If there is another device, such as a router, handing out DHCP addresses then it will not start. Also, after defining the DHCP scope on the server you have to authorize it before it will start handing out addresses.


----------



## najeeb111 (Sep 10, 2012)

Thanks srhoades.... 
I figured it out now but there is another issue that i am facing...
When attempting to add a new DHCP reservation (using a MAC address for a client host(it is a rac server)), I receive the following messages:

"The unique identifier you have entered may not be valid. Do you want to use this identifier anyway?" I click <YES>, then I get

"The DHCP server received a message from a client that is not valid" The only choice here is <OK>. I click this and am brought back to the "New Reservation" dlgbox.
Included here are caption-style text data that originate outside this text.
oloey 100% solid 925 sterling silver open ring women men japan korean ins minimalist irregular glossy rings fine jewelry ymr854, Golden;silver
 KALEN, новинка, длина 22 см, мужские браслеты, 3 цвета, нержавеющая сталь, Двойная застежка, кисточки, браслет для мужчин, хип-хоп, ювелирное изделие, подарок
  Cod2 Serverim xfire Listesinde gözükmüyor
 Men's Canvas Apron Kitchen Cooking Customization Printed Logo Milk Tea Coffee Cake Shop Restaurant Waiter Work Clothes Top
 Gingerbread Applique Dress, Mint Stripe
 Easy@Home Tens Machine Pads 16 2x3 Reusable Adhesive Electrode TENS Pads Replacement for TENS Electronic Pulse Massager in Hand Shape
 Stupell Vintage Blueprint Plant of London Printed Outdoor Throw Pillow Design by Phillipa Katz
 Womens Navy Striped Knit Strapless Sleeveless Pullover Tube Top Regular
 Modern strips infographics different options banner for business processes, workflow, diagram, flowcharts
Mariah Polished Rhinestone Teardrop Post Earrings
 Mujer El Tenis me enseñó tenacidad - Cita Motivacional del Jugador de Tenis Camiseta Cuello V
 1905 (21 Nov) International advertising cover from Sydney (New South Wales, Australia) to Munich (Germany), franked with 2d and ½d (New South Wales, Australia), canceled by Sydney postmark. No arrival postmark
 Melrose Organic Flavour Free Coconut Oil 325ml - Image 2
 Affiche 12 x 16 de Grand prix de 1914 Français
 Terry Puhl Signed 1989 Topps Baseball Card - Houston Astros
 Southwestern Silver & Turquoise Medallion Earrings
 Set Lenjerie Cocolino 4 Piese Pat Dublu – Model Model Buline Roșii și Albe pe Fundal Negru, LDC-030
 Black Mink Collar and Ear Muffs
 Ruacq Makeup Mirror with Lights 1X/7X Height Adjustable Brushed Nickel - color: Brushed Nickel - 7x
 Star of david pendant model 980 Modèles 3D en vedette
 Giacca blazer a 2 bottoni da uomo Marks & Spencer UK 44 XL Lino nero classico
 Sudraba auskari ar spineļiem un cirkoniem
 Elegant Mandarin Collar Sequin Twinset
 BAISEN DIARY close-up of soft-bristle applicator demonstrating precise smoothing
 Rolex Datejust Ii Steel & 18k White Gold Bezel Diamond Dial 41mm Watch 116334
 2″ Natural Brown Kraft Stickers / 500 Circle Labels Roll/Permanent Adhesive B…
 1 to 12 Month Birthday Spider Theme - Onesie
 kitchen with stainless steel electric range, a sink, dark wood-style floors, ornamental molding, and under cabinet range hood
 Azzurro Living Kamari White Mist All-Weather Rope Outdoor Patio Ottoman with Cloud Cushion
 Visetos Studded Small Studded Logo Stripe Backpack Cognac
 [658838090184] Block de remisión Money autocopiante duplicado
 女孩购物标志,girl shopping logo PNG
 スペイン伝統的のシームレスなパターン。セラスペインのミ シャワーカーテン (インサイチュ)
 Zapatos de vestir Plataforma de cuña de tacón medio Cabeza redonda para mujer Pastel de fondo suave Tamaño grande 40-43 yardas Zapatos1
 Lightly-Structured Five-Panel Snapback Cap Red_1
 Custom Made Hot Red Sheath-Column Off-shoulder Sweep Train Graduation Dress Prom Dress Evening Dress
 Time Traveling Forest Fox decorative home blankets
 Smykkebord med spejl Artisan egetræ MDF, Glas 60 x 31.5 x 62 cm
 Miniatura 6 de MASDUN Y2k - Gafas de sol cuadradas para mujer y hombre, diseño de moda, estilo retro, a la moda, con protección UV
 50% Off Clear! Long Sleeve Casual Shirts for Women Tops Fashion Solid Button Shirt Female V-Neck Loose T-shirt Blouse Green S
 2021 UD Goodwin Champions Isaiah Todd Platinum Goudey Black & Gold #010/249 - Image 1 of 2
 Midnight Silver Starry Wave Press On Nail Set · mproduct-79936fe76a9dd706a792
I've been able to add reservations before without any trouble. I have also verified there is no other DHCP server operating on the LAN.

Any ideas here?


----------



## srhoades (May 15, 2003)

Make sure it is a valid MAC address and that you are not mistyping the characters. The easiest way to do it is to find the DHCP lease for the computer and create a reservation from there instead of manually creating it.


----------



## jmwills (Sep 28, 2005)

Also, make sure you are using the IPV4 address and not V6


----------



## najeeb111 (Sep 10, 2012)

I double checked the info provided by me is correct... It is a linux OS(client) that i want to reserve the IP addrs for... Is there any other settings to be done on client, apart from setting the IPV4 static setting in client...


----------



## jmwills (Sep 28, 2005)

If you are setting a reservation, there is no need to statically assign the client.


----------